1. System Architecture: A main system with a discrete, non-degenerate spectrum (e.g., a bosonic mode) coupled to an ancillary qubit via an exchange-type interaction (modeled by the Jaynes-Cummings Hamiltonian).
2. Adaptive Protocol: Instead of a fixed sequence, the protocol employs repeated projective measurements on the ancillary qubit. Crucially, the time interval ($\tau_k$) between the $k$-th and $(k+1)$-th measurement is adaptively updated based on the outcome of the previous measurement ($m_k$).
3. Generalized Parity Construction:
   • The authors derive a construction rule where the measurement intervals are chosen such that the evolution operator acts as a filter.
   • If the measurement outcome is $|e\rangle$, the system undergoes a "diagonal" GPM, projecting onto a subspace defined by $n_m \equiv n_t(k) \pmod{2^k}$.
   • If the outcome is $|g\rangle$, the system undergoes a "displaced" GPM, projecting onto a shifted subspace.
   • A label $n_t(k)$ is updated deterministically according to the rule $n_t(k+1) = n_t(k) + (1 - \delta_{m_{k+1}, m_k})2^k$.
4. Trajectory Retention: Unlike probabilistic protocols that discard trajectories failing a specific postselection condition, this protocol retains every measurement trajectory.
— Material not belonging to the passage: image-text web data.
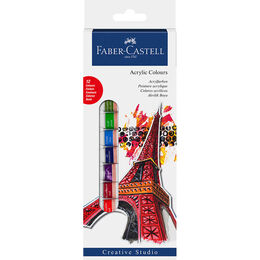 Faber Castell Akrilik Boya Seti 12 Renk x 12 ml.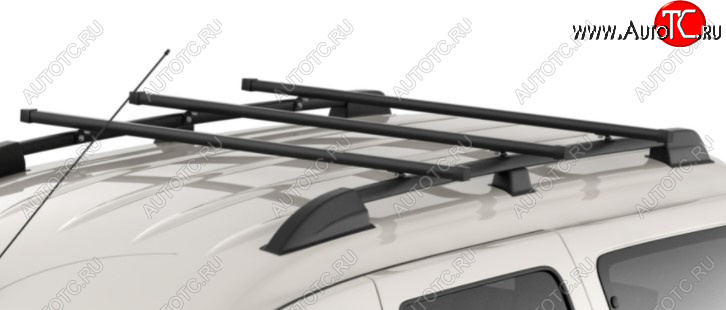 8 749 р. Рейлинги Petroil Tuning  Лада Ларгус (2012-2021) дорестайлинг R90 (Цвет: черный муар)  с доставкой в г. Кемерово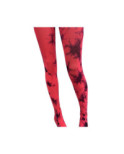 Collant Opaque Tye and Dye Rouge Les petits caprices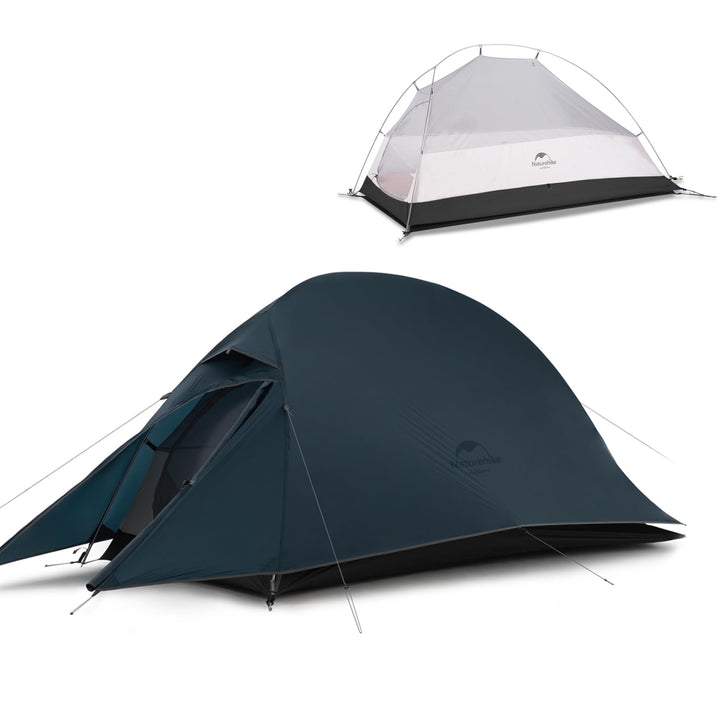 Naturehike Cloud up 1 Zelt Ultraleichte Zelt 1 Person Einzelzelt 1 Mann Zelt für 4 Jahreszeiten Zelt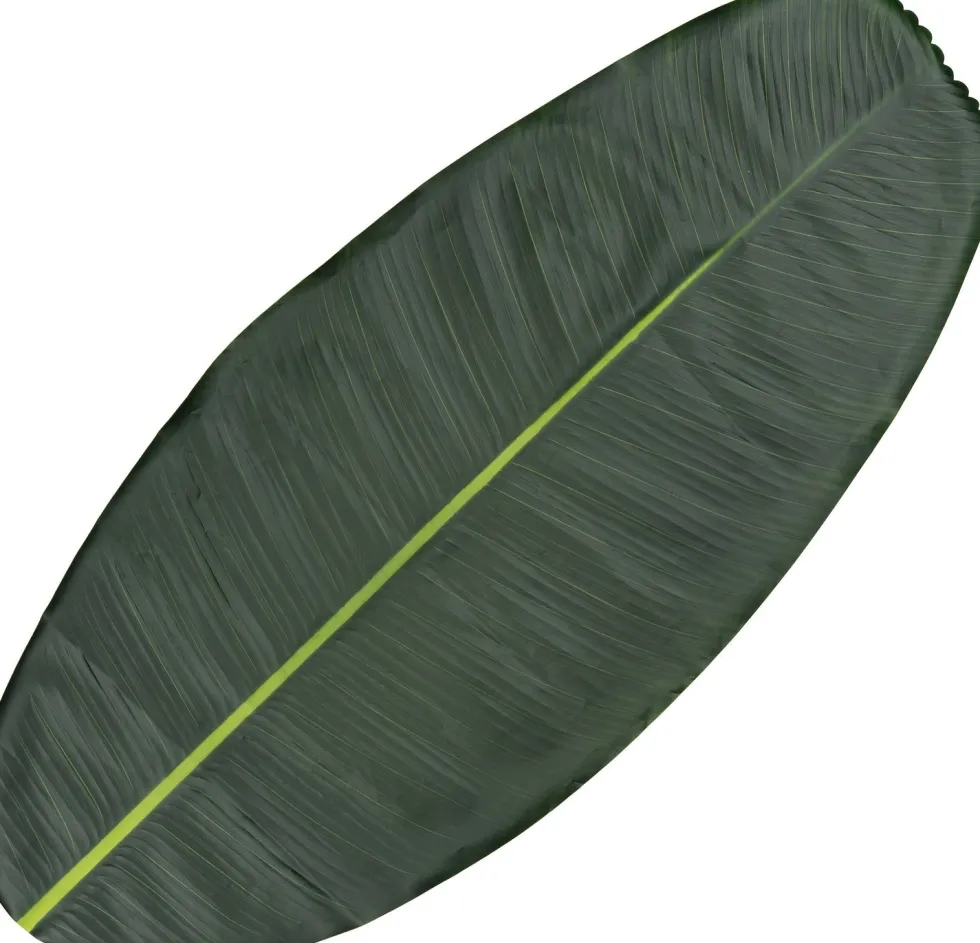 Intratuin tafelloper Blad donkergroen 105 x 46 cm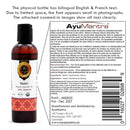 AyuMantra Neem oil bottle with label and text on a white background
The randomness of the ancilla measurement is converted into an adaptive update of the GPM parameters, ensuring unit success probability in principle (all trajectories lead to a filtered state, though the specific final Fock state index may vary slightly).

Key Contributions

• Deterministic Scaling: The protocol eliminates the exponential suppression of success probability associated with postselection. It achieves a logarithmic scaling of operation rounds ($N \sim \log_2 \sqrt{n_t(0)}$) relative to the target excitation number.
• Macroscopic Generation: The method is theoretically capable of generating Fock states with excitation numbers up to $n_t = O(10^4)$ within approximately 10 measurement rounds.
• Robustness: The protocol is shown to be effective starting from displaced thermal states, demonstrating resilience against moderate thermal mixtures without requiring pure-state initialization.
• Simplicity: The implementation requires no external driving fields, gate operations, or changes in the measurement basis, relying solely on free evolution and projective measurements.

Results
Numerical simulations based on the resonant Jaynes-Cummings model yield the following results:

• Fidelity: For an initial coherent state with $n_t(0) \approx 10^4$, the protocol generates a Fock state with an averaged fidelity of approximately 80% within 10 rounds.
• High-Fidelity Probability: The probability of obtaining a final state with fidelity exceeding 99% is approximately 35% for large $n_t(0)$ (specifically $n_t(0) \ge 5000$). This is significantly higher than postselection-based protocols.
• Thermal Robustness: When initialized with a displaced thermal state, the protocol maintains high performance. For an inverse temperature $\beta = 2/\omega_c$, the probability of achieving $>99\%$ fidelity remains around 29% for $n_t(0) \approx 3000$. While higher temperatures (lower $\beta$) reduce the filtering efficiency and final fidelity, the protocol remains functional and scalable.
• Time Complexity: The total running time scales as $T \sim \sqrt{n_t(0)} \log_2 \sqrt{n_t(0)}$, which is efficient for macroscopic targets.

Significance and Claims
The paper claims to offer a convenient and practical route toward generating macroscopic nonclassical states. By converting measurement randomness into adaptive control, the protocol overcomes the scalability bottleneck of postselection-based methods. The authors emphasize that their approach does not demand the pure-state initialization or complex control sequences (like adaptive driving or gate operations) typical of other high-fidelity generation schemes. Consequently, this method is presented as a robust tool for quantum state engineering in systems with discrete spectra, particularly for applications requiring large photon numbers where current methods are limited by low success probabilities or initialization constraints.